Wilson’s music, spanning seven decades, never rested in finalities like that. It celebrated life and people, their growth and understanding, their love and spirit, and it never allowed itself to wallow in despair. It could be about longing or falling in love, yet it never brooded. And yes, it was philosophical at times, acknowledging mortality, but it refused to succumb to the dark. One need only listen to the majestic “‘Til I Die” to understand that.

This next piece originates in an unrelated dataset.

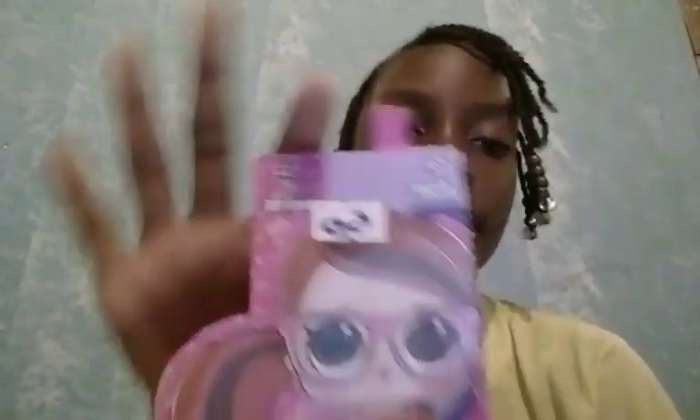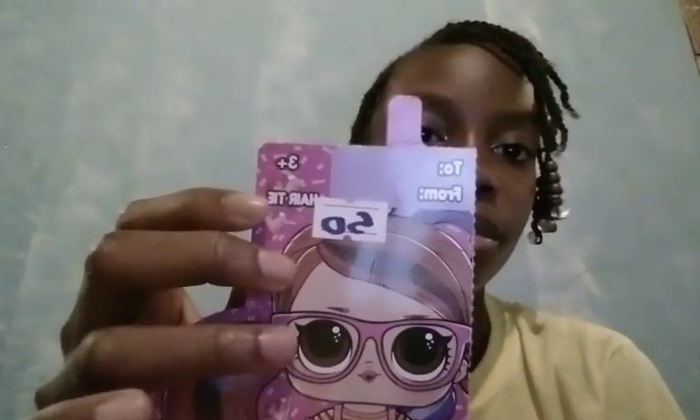Then I got this scrunchie and I paid $50 for it — it's from LOL. It is from LOL, you guys! I saw it and it was so cute, so I decided to get it. I'm not a huge fan, but they're so cute to watch. It looks like you can gift them too, because it says 'from' and 'to.' And then we got this little doll — whatever she wants to be.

It’s appealing to write a tribute encompassing all the great songs and albums from Wilson’s career, to discuss his genius as composer and producer. It’s tempting to recount how he changed the shape of popular music while jousting with the Beatles for supremacy or to lament his fall from creativity and the plunge into substance abuse. But the albums, from early surfing collections to the pocket symphonies of the mid-1960s and beyond, are available to revisit or to explore for the first time. So are books like Philip Lambert’s essential Inside the Music of Brian Wilson and Good Vibrations: Brian Wilson and The Beach Boys in Critical Perspective that parse the musical genius behind the Beach Boy. There’s also the unofficial Unsurpassed Masters series of CDs to understand how Wilson’s studio productions treated sound the way a painter uses brush and palette. There are the biographies like Steven Gaines’s Heroes and Villains and Peter Ames Carlin’s Catch a Wave, along with the memoir I Am Brian Wilson, to cover the history. There’s plenty to keep any interested music fan busy.

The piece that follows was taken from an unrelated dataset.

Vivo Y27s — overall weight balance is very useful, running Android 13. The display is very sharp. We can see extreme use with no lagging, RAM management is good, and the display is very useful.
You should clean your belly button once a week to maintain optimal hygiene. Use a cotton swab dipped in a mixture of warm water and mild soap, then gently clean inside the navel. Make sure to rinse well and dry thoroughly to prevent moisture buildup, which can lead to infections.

That’s why the conclusion of this article will focus on At My Piano, Wilson’s album of instrumental piano renderings of his work that snuck in largely unnoticed four years ago. It was, for me, the go-to CD upon hearing of his passing, containing as it does a sampling of the artist’s best-known compositions in stripped-down, unplugged form. No lead vocals or layered harmonies, no production style we’re used to hearing from Wilson. It’s not meant to replace the classic recordings, only to position the composer, unaccompanied, in the context of his creations in what is now their last public encounter.
At My Piano is a meditative album, a collection of mostly Beach Boys songs rendered so directly, so honestly and so unadorned that the harmonic and melodic beauty of the compositions are at their most apparent. There is no attempt on Wilson’s part to embellish or to cross into jazz’s methods of reinterpretation. Each performance is a demonstration of how the song works, how modulation directs the dynamics of a piece or how a melody sits within or traverses a rich chordal structure on “God Only Knows,” “Don’t Worry Baby,” “The Warmth of the Sun” “Wouldn’t It Be Nice” “You Still Believe in Me,” “Surf’s Up,” “I Just Wasn’t Made for These Times,” “Good Vibrations” and seven other tunes. In his inimitable way, Wilson offers the opportunity to hear each song once again for the first time.
The piano, Wilson wrote in the liner notes, “has brought me comfort, joy and security.” For the rest of us, it has provided a catalog to be treasured.